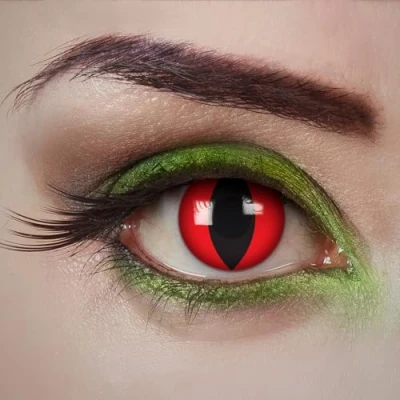 Abbildung von aricona Kontaktlinsen Leuchtend rote Motivlinsen Katzenaugen bunte farbige rot ohne Stärke für Karneval, Fasching, und Kostüm Partys, 2 Stück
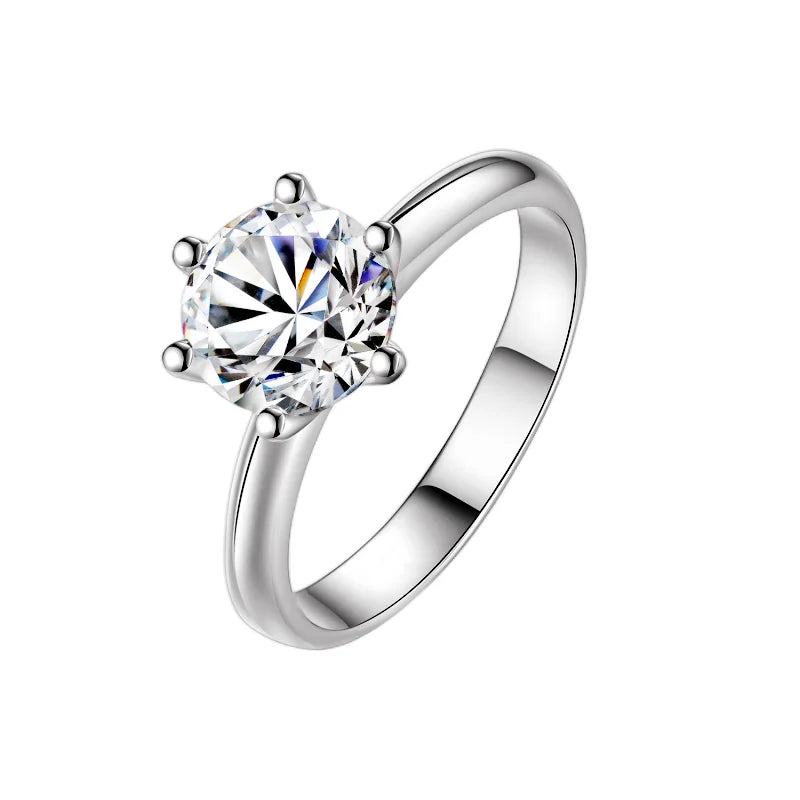 Six Claw Moissanite Solitaire Ring | 1ct VVS1 D Colour | GRA Certified | S925 Silver | Rhodium Plated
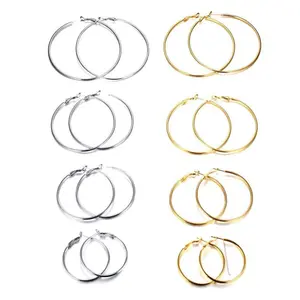 Fashion hoop earrings, exaggerated thin hoop earrings, titanium steel women's fashion jewelry, party jewelry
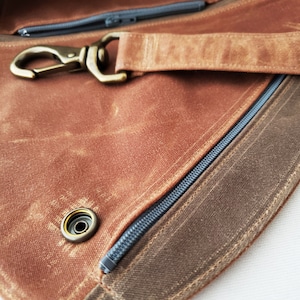 Fanny Pack in Chocolate and Cinnamon Brown Waxed Canvas image 8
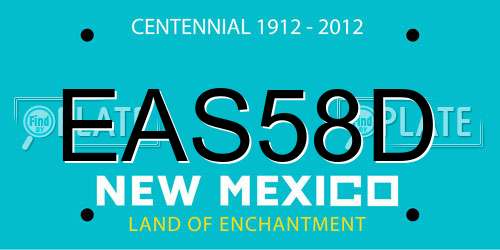 EAS58D New Mexico License Plate
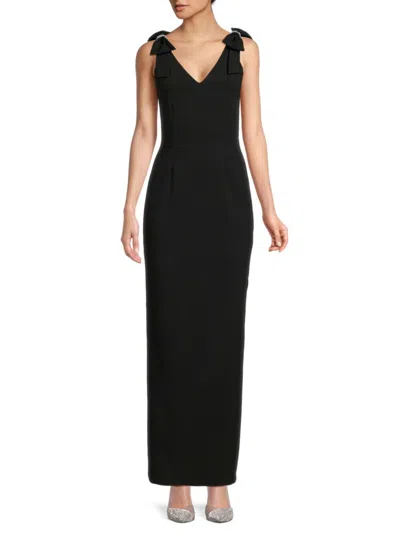 Shop The Fashion Poet Women's Faux Pearl & Bow Sheath Gown In Black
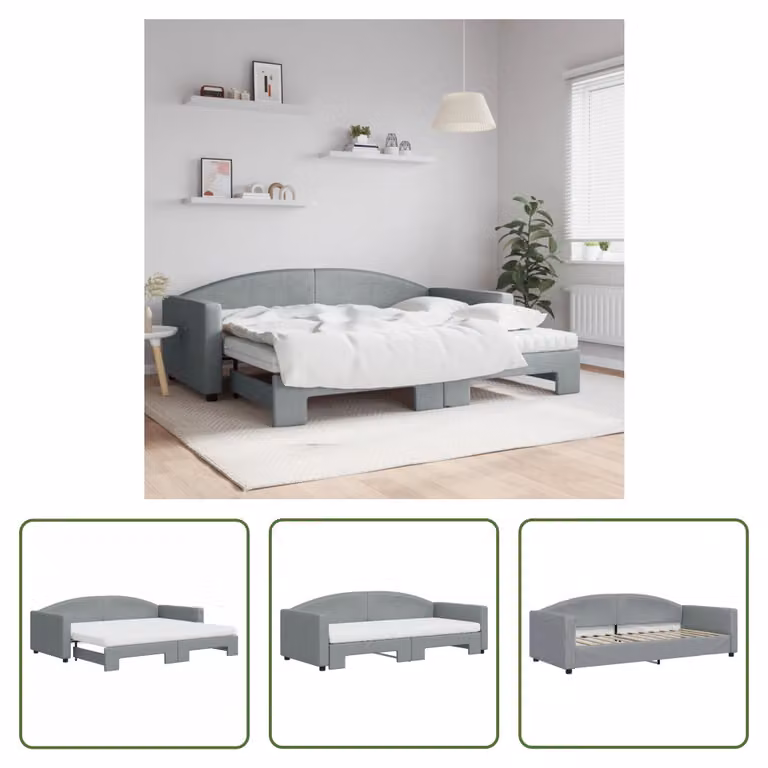 The Living Store Letto da giorno allungabile con materasso grigio chiaro 90x200 cm in tessuto
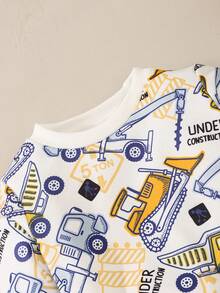 2 件套幼儿男童工程车印花长袖 T 恤和破洞牛仔裤套装，春秋季 - 白色 - 查看 3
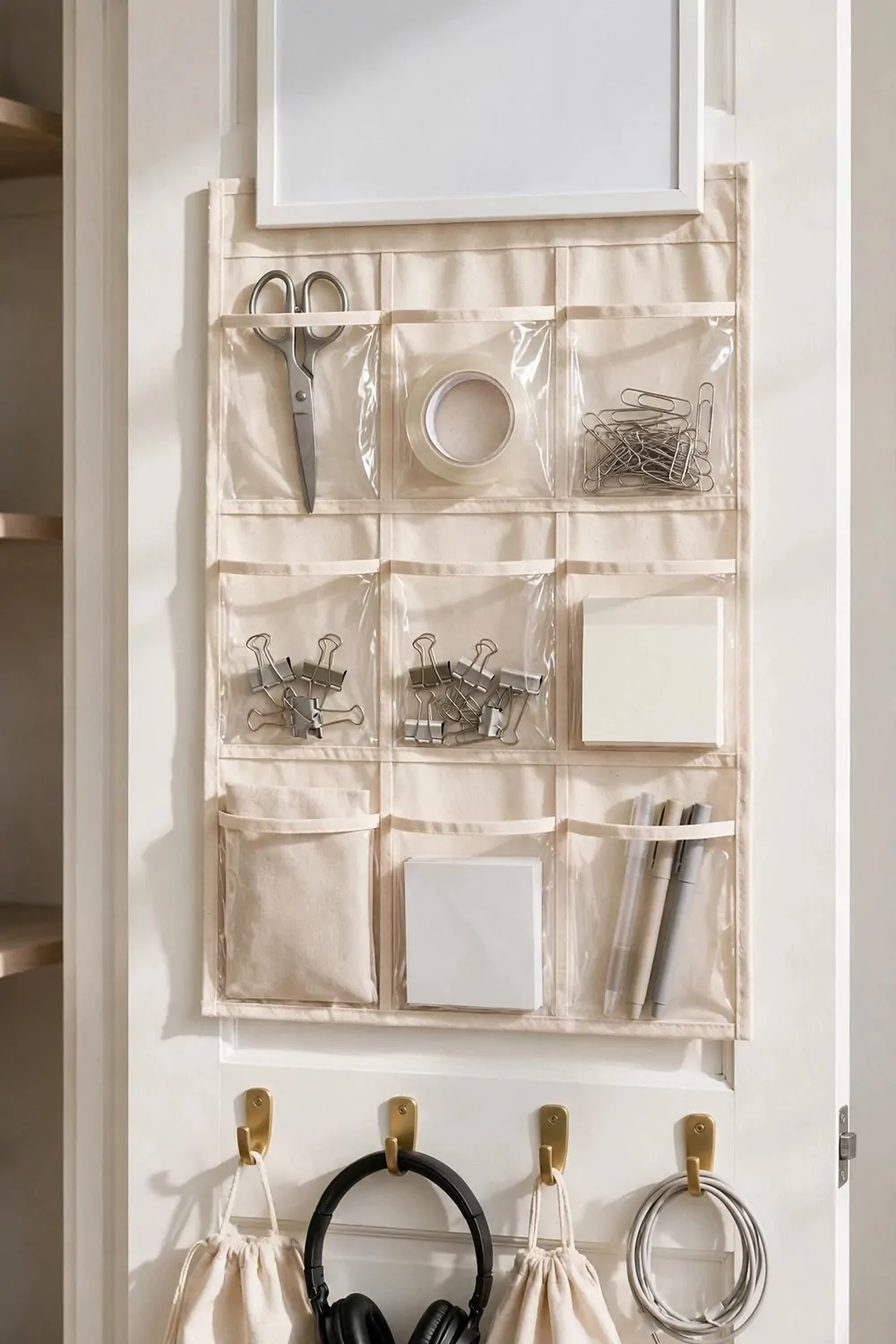 17 Closet Converted to Office Projects Worth Copying 5 The back of a closet door with hooks, clear organizer pockets and a small whiteboard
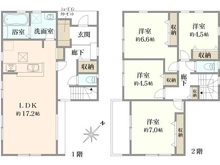 【神奈川県/大和市福田】大和市福田　新築一戸建て　1号棟/全10棟 間取り図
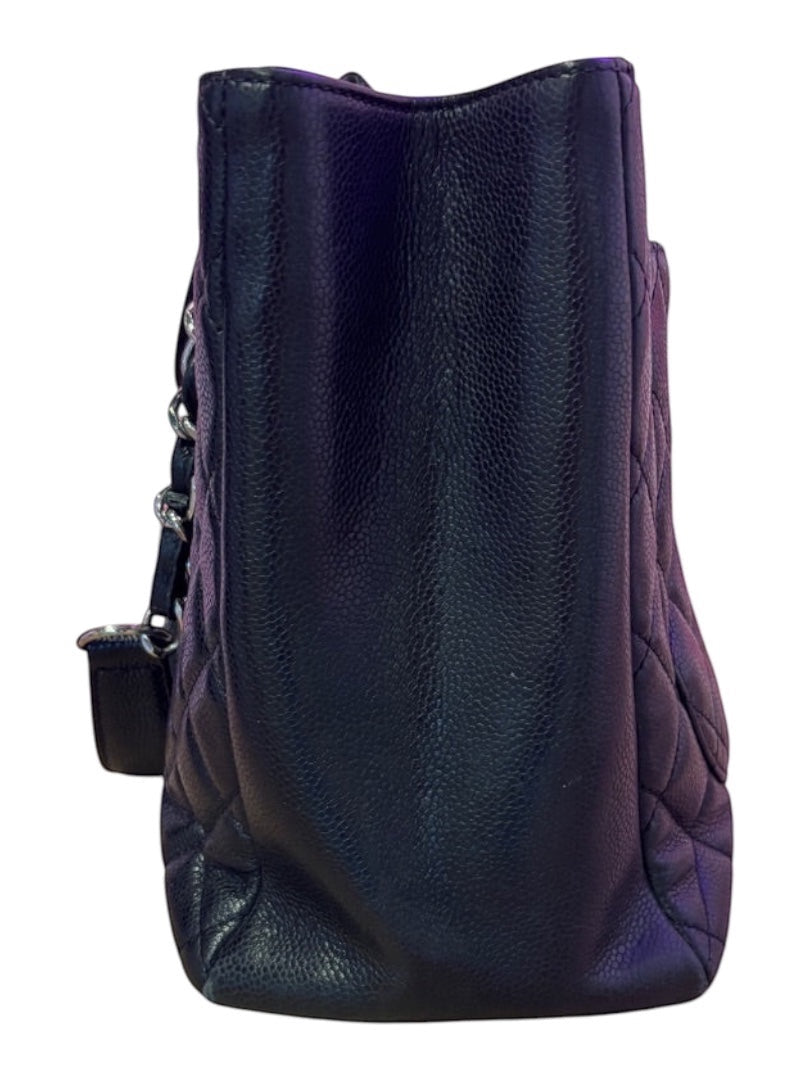 Posh Purse Co black caviar leather Chanel Grand Shopping Tote with silver-tone hardware and diamond quilting.
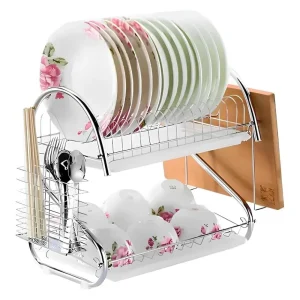 Escorredor De Louça Inox Suporte Organizador Pia Cozinha Porta Pratos Copos Talheres 2 Andares Com Bandeja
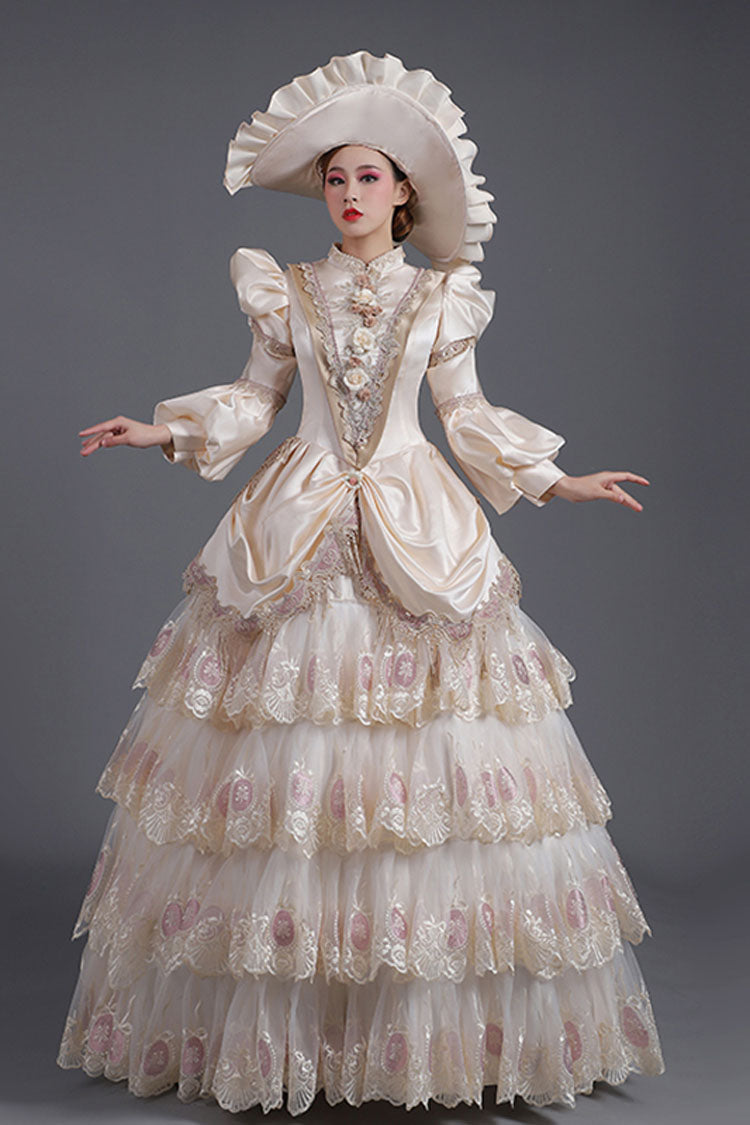Champagne Lantern Sleeves High Waisted Three Dimensional Flower Print Victorian Lolita Prom Tiered Dress - Product - 2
········
--- WORK ORDER ---
Once the pictures are dropped, repeat the data above exactly.

--- FINISHED TASK ---
 Abbildung von aricona Kontaktlinsen Leuchtend rote Motivlinsen Katzenaugen bunte farbige rot ohne Stärke für Karneval, Fasching, und Kostüm Partys, 2 Stück
 Six Claw Moissanite Solitaire Ring | 1ct VVS1 D Colour | GRA Certified | S925 Silver | Rhodium Plated
 Fashion hoop earrings, exaggerated thin hoop earrings, titanium steel women's fashion jewelry, party jewelry
 Fanny Pack in Chocolate and Cinnamon Brown Waxed Canvas image 8
 EAS58D New Mexico License Plate
 Shop The Fashion Poet Women's Faux Pearl & Bow Sheath Gown In Black
 The Living Store Letto da giorno allungabile con materasso grigio chiaro 90x200 cm in tessuto
 2 件套幼儿男童工程车印花长袖 T 恤和破洞牛仔裤套装，春秋季 - 白色 - 查看 3
 17 Closet Converted to Office Projects Worth Copying 5 The back of a closet door with hooks, clear organizer pockets and a small whiteboard
 【神奈川県/大和市福田】大和市福田　新築一戸建て　1号棟/全10棟 間取り図
 Posh Purse Co black caviar leather Chanel Grand Shopping Tote with silver-tone hardware and diamond quilting.
 Escorredor De Louça Inox Suporte Organizador Pia Cozinha Porta Pratos Copos Talheres 2 Andares Com Bandeja
Champagne Lantern Sleeves High Waisted Three Dimensional Flower Print Victorian Lolita Prom Tiered Dress - Product - 2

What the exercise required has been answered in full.